生徒が尊重し合い、多様性が認められている空間

大井校長先生
では、受験生に、半年で先生たちが感じた鷗友生の特徴を紹介してください。

加藤先生
ちょうど学園祭の準備期間なので、生徒の取り組みを見ているのですが、運営に責任を持つことを大切にしている印象があります。生徒と先生が協力して作り上げるのではなく、生徒が作り上げて、先生は確認するという進め方のようです。鷗友生は自律していますね。

新木先生
始業式や祝賀会などで全校生徒が集まる機会に、校長先生が話したことに対して、生徒がどっと笑うというのは、自分の学生時代に見たことがない光景でした(笑)。先生のキャラクターへの愛が生徒側にあって、それを共有しているのは素敵だなと感じました。

大井校長先生
中1の誕生日会(月ごとに行われる校長先生とお祝いする会)でも、全体集会で先輩たちが笑っているのに驚いたという話が出ますね。全校集会で笑うと怒られるから、笑ったことがなかったと。

若井先生
先輩たちを見て、笑っていいんだと(笑)。

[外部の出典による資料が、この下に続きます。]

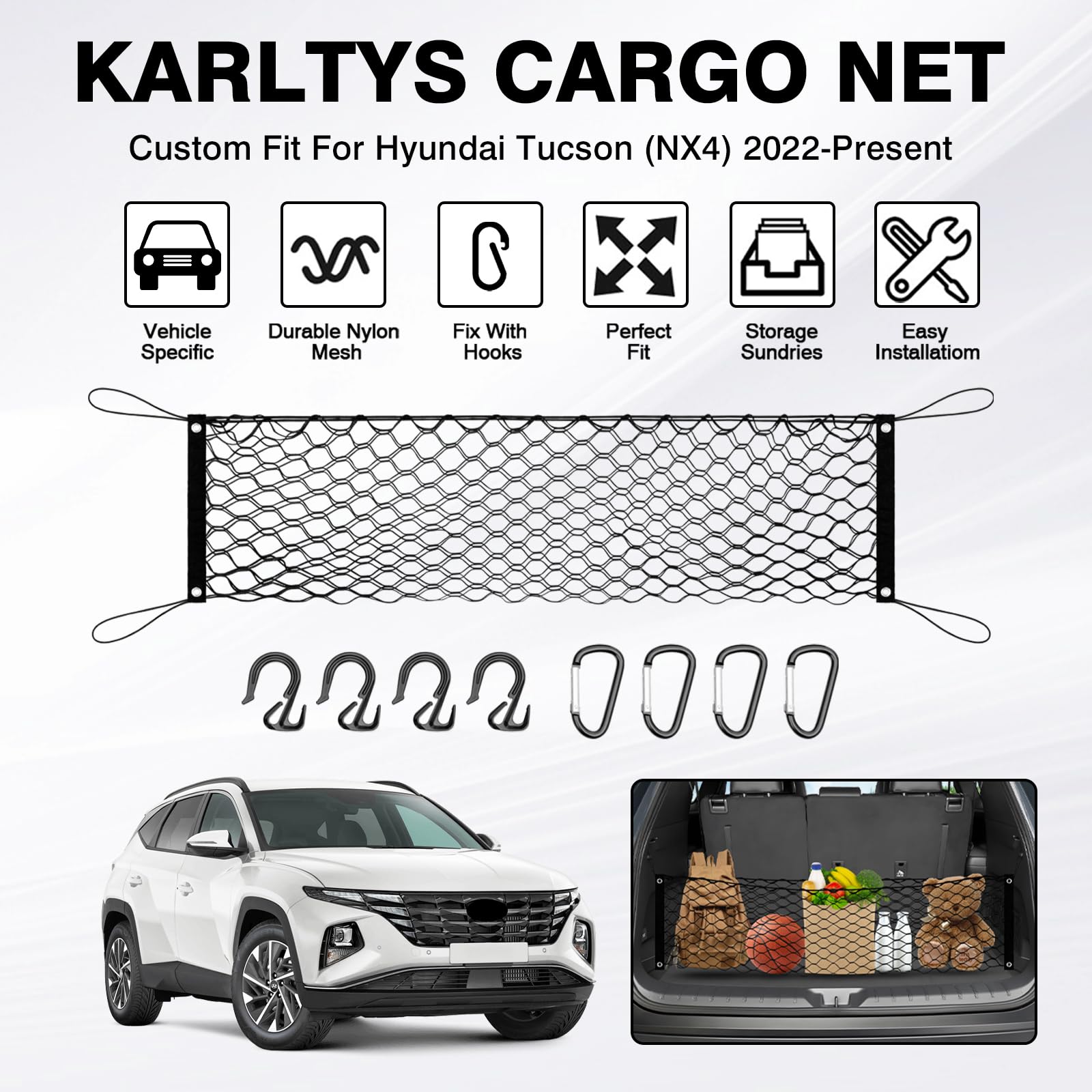 Karltys Envelope Style Cargo Net For Hyundai Tucson 2025 2024 2023 2022 Accessories, Adjustable Elastic Rear Trunk Cargo Net, He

みんなすぐに笑うようになりますね。

加藤先生
すごいのは、笑ってからすぐに静かになるのですよね。

大井校長先生
そうそう。どっと笑って、すっと話を聞く態勢になれるのも、鷗友生の良いところですね。

大野先生
やるべきときにしっかりやるところが素晴らしいです。それから、相手を尊重することにもつながると思うのですが、周りをよく見ていますね。休んだクラスメイトを気遣ったり、自発的にノートを見せたりすることが、生徒同士で自然にできるんです。

大澤先生
尊重ということで言えば、授業で生徒が質問したときに、「なんでそんなにマニアックなことを聞くんだろう」「そんな簡単なことを聞いて」というような雰囲気にはなりませんね。お互いを尊重し合い、多様性が認められている空間ができています。

大井校長先生
最後に、受験生に向けて先生方からメッセージをお願いします。

大野先生
自分がやりたいことを広く認めてくれて、それに対してどうやっていこうかと考えた時に、いい刺激をたくさん受けられる学校です。いろんなことに興味を持って、飛び込んできてください。

加藤先生
自分を出せる場所ですし、お互いに個性を認めてくれる仲間ができます。かまえずに、自分のままで来てくださいね。

新木先生
好きなことで輝ける学校ですし、まだ好きなことが見つかってなくても楽しく過ごせます(笑)。社会科のことで言えば、裁判所や国会の見学に行くなど、いろいろな体験を今のうちから始めてほしいです。それが中学校からの学びを広げてくれると思います。

大澤先生
中学生になると、教科書で学ぶことだけではなく、部活動や委員会などの活動やさまざまな体験を通して、見える世界が変わってくると思います。それを楽しみに来てください。

大井校長先生
今日はありがとうございました。